## EXTRACTED DATA
━━━

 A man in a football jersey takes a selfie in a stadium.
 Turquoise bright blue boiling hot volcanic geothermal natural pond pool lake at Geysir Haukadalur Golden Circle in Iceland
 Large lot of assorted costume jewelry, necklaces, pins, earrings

━━━

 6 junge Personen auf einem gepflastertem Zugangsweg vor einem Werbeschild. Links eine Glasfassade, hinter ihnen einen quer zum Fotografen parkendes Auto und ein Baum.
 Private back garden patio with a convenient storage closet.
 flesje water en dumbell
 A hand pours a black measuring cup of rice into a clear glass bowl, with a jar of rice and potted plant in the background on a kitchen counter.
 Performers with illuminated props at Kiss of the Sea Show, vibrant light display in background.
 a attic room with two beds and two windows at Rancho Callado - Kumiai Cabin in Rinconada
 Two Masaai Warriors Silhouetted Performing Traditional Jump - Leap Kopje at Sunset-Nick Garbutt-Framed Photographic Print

━━━

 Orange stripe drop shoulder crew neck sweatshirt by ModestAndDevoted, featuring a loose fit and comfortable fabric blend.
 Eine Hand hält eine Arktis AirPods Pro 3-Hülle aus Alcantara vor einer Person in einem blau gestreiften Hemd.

━━━

## TASK BRIEF
Using the entries above, extract exactly the span from the line with "6 junge Personen" to the line with "Two Masaai Warriors", both lines included; leave out everything else.

## ANSWER FOR THIS EXERCISE
 6 junge Personen auf einem gepflastertem Zugangsweg vor einem Werbeschild. Links eine Glasfassade, hinter ihnen einen quer zum Fotografen parkendes Auto und ein Baum.
 Private back garden patio with a convenient storage closet.
 flesje water en dumbell
 A hand pours a black measuring cup of rice into a clear glass bowl, with a jar of rice and potted plant in the background on a kitchen counter.
 Performers with illuminated props at Kiss of the Sea Show, vibrant light display in background.
 a attic room with two beds and two windows at Rancho Callado - Kumiai Cabin in Rinconada
 Two Masaai Warriors Silhouetted Performing Traditional Jump - Leap Kopje at Sunset-Nick Garbutt-Framed Photographic Print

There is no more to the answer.